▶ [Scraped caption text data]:
◆ ◆ ◆ ◆ ◆
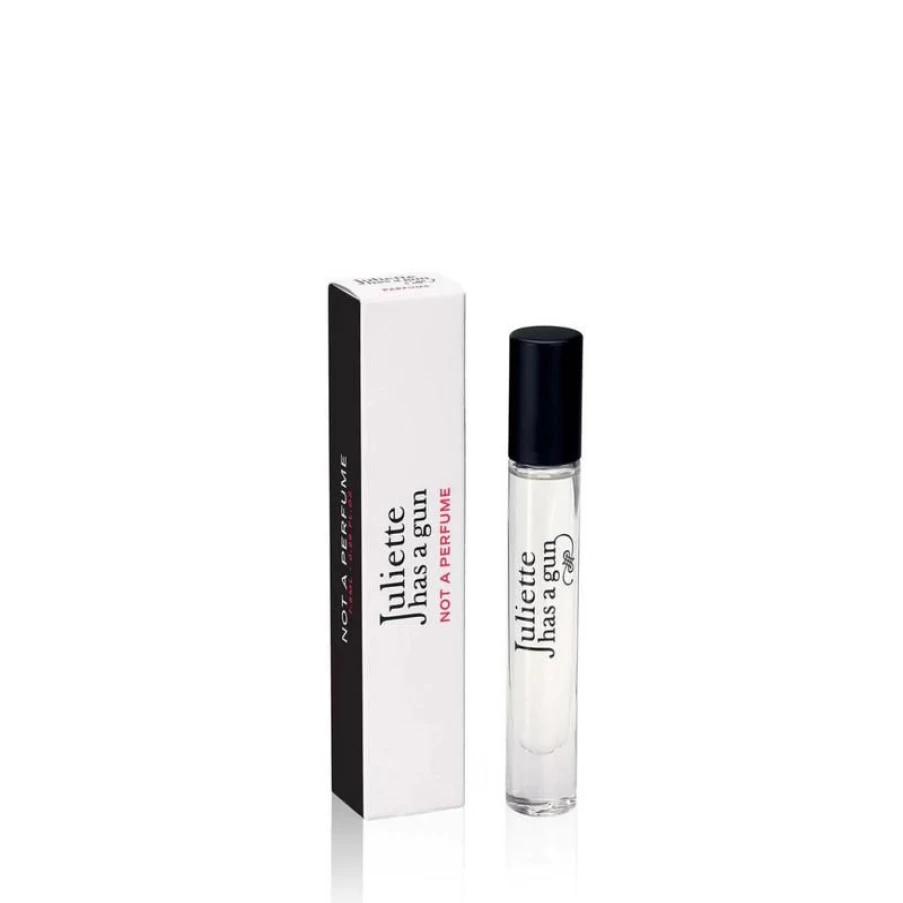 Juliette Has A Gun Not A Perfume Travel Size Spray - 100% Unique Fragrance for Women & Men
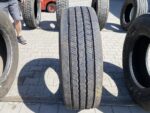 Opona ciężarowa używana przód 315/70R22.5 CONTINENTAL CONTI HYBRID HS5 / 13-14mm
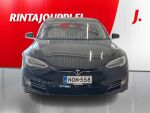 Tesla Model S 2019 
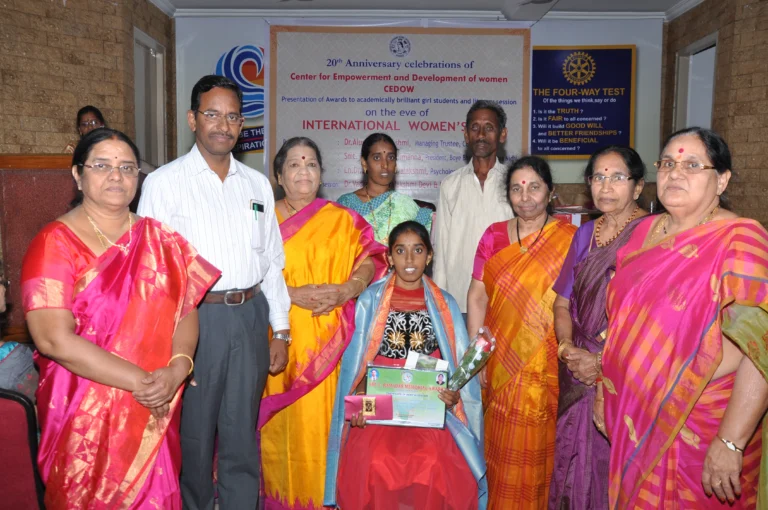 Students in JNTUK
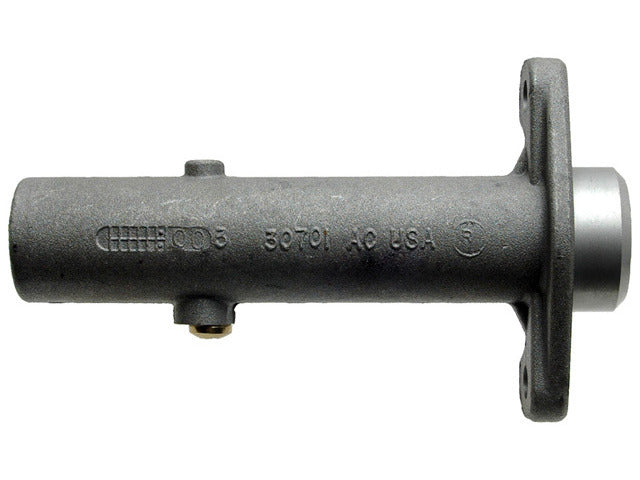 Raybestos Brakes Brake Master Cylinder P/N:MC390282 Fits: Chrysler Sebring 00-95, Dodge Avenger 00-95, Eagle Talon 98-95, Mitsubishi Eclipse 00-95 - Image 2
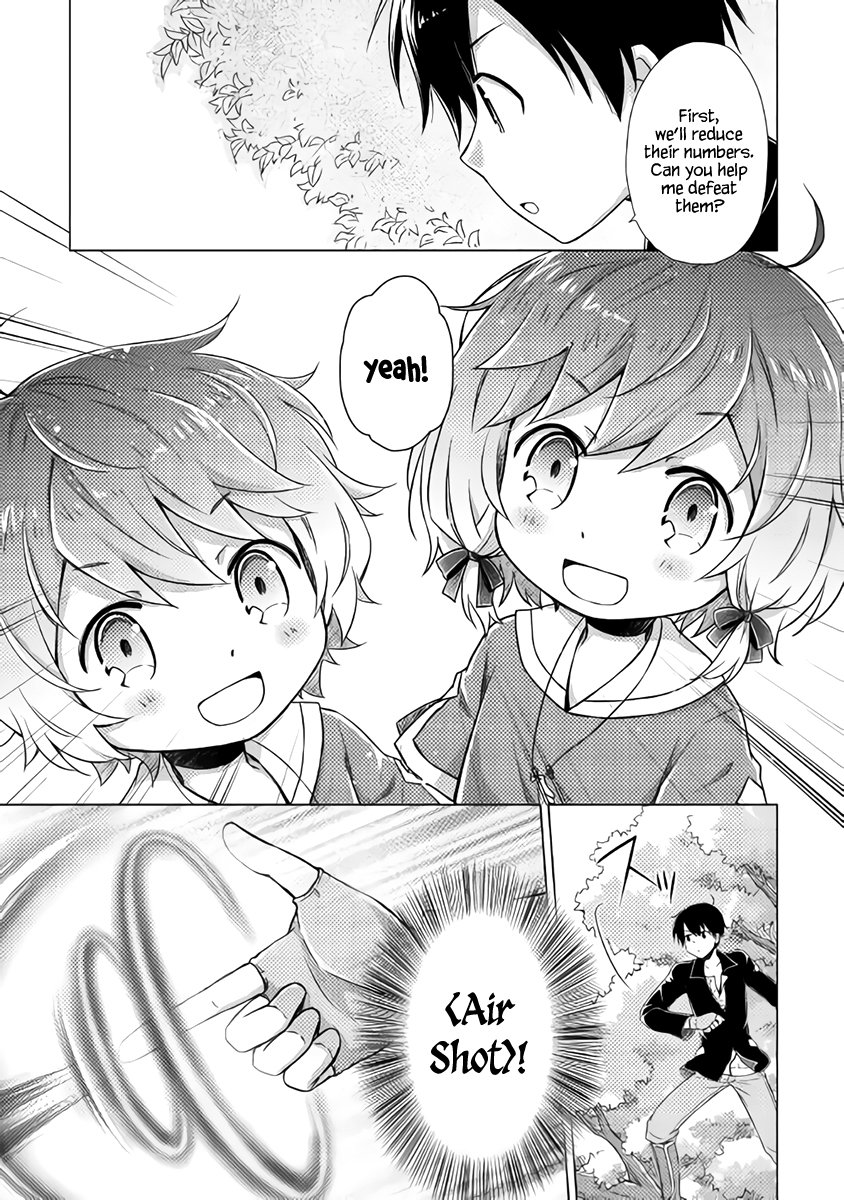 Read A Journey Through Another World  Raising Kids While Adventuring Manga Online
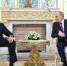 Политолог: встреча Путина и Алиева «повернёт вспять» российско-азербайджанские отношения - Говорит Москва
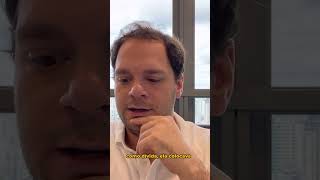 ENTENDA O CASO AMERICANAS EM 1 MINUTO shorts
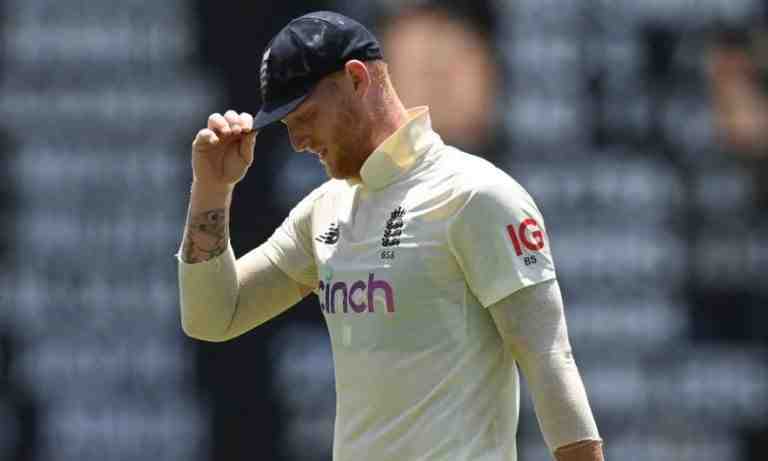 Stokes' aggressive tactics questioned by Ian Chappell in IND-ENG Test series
◆ ◆ ◆ ◆ ◆
▶ [What you need to do]:
Restate every record exactly, please; do not copy the pictures.

▶ [Exercise answer]:
 Juliette Has A Gun Not A Perfume Travel Size Spray - 100% Unique Fragrance for Women & Men
 Opona ciężarowa używana przód 315/70R22.5 CONTINENTAL CONTI HYBRID HS5 / 13-14mm
 Tesla Model S 2019 
 Students in JNTUK
 Raybestos Brakes Brake Master Cylinder P/N:MC390282 Fits: Chrysler Sebring 00-95, Dodge Avenger 00-95, Eagle Talon 98-95, Mitsubishi Eclipse 00-95 - Image 2
 Read A Journey Through Another World  Raising Kids While Adventuring Manga Online
 Политолог: встреча Путина и Алиева «повернёт вспять» российско-азербайджанские отношения - Говорит Москва
 ENTENDA O CASO AMERICANAS EM 1 MINUTO shorts
 Stokes' aggressive tactics questioned by Ian Chappell in IND-ENG Test series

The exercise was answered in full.